1. One of your recent projects was the Enforcement Gaps Interface (EGI), where you collaborated with Sunandan Chakraborty (a former Moore Sloan Fellow at CDS!) The project, which algorithmically detects the sale of illegally trafficked wildlife, received the Wildlife Crime Tech Challenge Grand Prize in 2016. What are the new developments with EGI?

Sunandan and I are just finishing up connecting the user interface (which will allow enforcement agencies, NGOs, and some people in the private sector) to search the results from the back-end model, which generates a list of potentially illegal wildlife ads found on the open web each week. We also are just wrapping up work for a model specific to the state of California. We are hoping EGI will be deployed around the world over the next year.

2. You have also written a new book, “Is Shame Necessary? New Uses for an Old Tool,” where you argue that shame — when used carefully — can be an effective tool for creating social change. With this in mind, central problems facing the tech world today are gender and racial inequality. How could shame could be used to address these issues?

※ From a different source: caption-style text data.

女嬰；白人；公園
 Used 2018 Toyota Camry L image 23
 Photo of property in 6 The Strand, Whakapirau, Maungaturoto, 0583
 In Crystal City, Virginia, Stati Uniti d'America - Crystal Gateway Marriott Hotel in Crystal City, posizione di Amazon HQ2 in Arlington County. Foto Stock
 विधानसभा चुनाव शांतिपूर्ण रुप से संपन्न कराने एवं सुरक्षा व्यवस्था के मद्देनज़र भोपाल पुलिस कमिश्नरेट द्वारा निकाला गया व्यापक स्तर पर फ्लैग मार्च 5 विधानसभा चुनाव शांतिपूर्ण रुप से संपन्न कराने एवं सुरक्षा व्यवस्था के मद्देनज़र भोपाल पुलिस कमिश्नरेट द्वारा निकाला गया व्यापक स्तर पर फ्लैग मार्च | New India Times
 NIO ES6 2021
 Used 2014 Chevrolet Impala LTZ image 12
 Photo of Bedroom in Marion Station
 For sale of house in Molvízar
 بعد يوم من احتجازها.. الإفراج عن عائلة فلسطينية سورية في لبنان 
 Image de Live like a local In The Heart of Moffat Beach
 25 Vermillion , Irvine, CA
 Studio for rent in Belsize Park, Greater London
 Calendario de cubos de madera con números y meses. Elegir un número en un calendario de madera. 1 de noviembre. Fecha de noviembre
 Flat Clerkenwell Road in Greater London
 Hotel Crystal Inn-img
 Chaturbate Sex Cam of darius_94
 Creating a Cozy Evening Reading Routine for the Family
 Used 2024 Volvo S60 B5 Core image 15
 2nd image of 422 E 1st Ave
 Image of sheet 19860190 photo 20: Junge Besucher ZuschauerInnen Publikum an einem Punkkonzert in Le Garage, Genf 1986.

It’s interesting to see the way shame is already being used to address these issues. You may have heard about ‘manel shaming’ — an online collection of conferences and events featuring all male panels from around the world (this recent panel at the International Conference on Complex Systems featured 15/15 males) or the article in the New Yorker about how the jobs site Glassdoor is exposing gender inequity in the workplace. Even more interesting is the way in which algorithms and AI can be deeply prejudiced, an area that people like NYU’s own Kate Crawford work on. It is clear that the ethics of the tech sector as well as the technology itself are both in need of scrutiny.

3. How did you get into shark diving while completing your doctorate — and are you still doing this in New York?

I wish! Funny to recall, but there was a time that I thought Vancouver was a hyper urban environment (after living in Manhattan, I now see it as bucolic) and I wanted to remain in contact with wild animals. I am conflicted about keeping animals such as sharks in captivity, but did see value in showing children that you can dive in the same very small space with many species of sharks and be absolutely safe. Plus, it was the tank with the warmest water.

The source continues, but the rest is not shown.